Quel fut l’impact des axes rouges sur le développement du vélo ? Peut-être pas aussi négatif qu’on pourrait l’imaginer, car cette politique a en effet entraîné deux phénomènes nouveaux, d’une part un rejet du tout-voiture par les Parisiens, cyclistes ou non, face à l’augmentation des nuisances, et d’autre part le lancement des quartiers tranquilles, contrepartie des axes rouges, débarrassés de la circulation de transit, précurseurs d’une nouvelle philosophie de la circulation dans la ville.

Au début de son mandat de maire de Paris, Jean TIBÉRI, aidé en cela par la grande grève de décembre 1995, fit accéder le vélo à un nouveau statut.

Un frémissement était perceptible depuis l’été 1994 où à l’initiative du gouvernement (Michel Barnier, ministre de l’environnement) les voies sur berges furent réservées aux piétons et cyclistes le temps d’un dimanche, opération répétée ensuite périodiquement avec chaque fois le même succès. Une mesure peu contraignante pour l’automobile, mais d’une portée symbolique et médiatique telle que les élus municipaux en perçurent l’opportunité politique.

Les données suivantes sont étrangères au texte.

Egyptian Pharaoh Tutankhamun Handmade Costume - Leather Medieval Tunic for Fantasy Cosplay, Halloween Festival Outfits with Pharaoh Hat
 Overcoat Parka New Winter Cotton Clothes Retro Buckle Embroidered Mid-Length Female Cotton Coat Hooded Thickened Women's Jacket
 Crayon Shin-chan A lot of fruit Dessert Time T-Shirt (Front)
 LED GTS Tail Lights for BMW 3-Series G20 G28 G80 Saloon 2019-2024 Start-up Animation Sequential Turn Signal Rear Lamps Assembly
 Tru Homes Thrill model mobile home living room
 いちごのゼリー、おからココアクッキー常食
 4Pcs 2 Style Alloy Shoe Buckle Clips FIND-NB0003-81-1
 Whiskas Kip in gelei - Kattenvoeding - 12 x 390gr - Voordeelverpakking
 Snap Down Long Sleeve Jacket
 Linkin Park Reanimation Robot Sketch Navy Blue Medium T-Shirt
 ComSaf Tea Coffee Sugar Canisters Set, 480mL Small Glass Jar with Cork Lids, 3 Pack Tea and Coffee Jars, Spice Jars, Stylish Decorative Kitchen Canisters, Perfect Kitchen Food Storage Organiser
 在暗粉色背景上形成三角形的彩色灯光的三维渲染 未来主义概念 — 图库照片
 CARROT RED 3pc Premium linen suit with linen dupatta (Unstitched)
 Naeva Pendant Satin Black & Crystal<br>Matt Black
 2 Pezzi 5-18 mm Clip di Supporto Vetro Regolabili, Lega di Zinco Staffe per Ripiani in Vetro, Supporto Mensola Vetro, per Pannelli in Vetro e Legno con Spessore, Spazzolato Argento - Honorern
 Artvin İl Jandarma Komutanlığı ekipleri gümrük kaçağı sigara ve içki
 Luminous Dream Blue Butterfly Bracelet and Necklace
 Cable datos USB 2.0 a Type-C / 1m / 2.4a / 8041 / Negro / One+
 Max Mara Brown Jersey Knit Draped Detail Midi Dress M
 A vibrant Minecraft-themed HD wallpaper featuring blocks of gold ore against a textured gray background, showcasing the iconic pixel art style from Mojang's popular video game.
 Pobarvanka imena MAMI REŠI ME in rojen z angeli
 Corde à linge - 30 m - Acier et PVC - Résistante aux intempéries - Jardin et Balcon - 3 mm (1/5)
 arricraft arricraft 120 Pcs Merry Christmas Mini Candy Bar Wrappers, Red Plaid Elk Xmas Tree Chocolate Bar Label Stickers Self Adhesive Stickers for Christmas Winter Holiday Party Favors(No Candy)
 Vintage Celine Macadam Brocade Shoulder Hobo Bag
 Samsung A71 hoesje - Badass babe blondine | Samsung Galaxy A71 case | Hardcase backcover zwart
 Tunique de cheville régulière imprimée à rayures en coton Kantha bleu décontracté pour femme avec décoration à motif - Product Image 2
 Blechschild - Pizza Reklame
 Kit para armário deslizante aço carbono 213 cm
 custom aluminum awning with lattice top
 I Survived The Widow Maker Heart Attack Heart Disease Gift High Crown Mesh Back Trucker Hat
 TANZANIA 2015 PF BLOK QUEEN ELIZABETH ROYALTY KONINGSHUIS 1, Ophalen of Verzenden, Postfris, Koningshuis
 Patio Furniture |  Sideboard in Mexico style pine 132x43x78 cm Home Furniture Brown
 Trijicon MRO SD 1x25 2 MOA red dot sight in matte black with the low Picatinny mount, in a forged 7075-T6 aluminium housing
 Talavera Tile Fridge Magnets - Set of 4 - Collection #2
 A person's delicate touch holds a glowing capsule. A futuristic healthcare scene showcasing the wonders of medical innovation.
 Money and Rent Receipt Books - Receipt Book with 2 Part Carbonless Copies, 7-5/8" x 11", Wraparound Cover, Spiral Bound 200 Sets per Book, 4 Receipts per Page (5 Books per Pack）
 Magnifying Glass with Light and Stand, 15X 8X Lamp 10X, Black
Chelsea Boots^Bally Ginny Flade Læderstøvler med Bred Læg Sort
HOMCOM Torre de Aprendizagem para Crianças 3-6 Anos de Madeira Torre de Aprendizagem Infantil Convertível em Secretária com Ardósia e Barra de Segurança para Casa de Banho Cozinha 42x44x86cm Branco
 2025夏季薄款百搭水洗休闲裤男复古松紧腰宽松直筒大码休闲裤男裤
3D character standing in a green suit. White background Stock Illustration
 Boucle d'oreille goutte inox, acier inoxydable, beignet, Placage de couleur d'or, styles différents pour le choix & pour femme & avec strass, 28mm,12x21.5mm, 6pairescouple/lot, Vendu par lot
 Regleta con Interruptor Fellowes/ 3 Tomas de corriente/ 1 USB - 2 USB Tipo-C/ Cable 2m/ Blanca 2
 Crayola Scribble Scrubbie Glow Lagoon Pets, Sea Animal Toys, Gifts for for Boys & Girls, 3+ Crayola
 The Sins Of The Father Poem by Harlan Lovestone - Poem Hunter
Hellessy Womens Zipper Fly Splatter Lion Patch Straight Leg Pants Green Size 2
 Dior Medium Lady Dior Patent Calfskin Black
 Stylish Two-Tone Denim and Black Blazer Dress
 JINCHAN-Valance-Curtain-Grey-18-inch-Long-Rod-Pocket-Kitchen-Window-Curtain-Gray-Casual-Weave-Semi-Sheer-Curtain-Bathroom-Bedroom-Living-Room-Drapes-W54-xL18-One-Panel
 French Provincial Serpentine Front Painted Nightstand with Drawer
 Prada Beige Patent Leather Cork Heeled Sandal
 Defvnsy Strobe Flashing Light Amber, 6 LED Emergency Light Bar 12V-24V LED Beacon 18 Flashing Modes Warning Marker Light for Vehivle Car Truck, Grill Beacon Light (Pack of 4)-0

Décembre 1995 : en 1 mois de grève totale des transports publics, les magasins de cycles font des affaires en or, par milliers les vélos sortent des caves. Au cours d’une conférence de presse un ambitieux plan vélo était lancé le 19 janvier 1996, avec des projets immédiats : la réalisation prioritaire de deux grands axes cyclables structurants nord-sud et est-ouest, et l’ouverture de couloirs de bus aux vélos, après élargissement ou par simple autorisation selon les cas. Le maire de Paris entendait également s’appuyer sur une concertation avec les associations au moyen d’une commission extra-municipale pour le vélo créée à cet effet et devant se réunir une fois par mois.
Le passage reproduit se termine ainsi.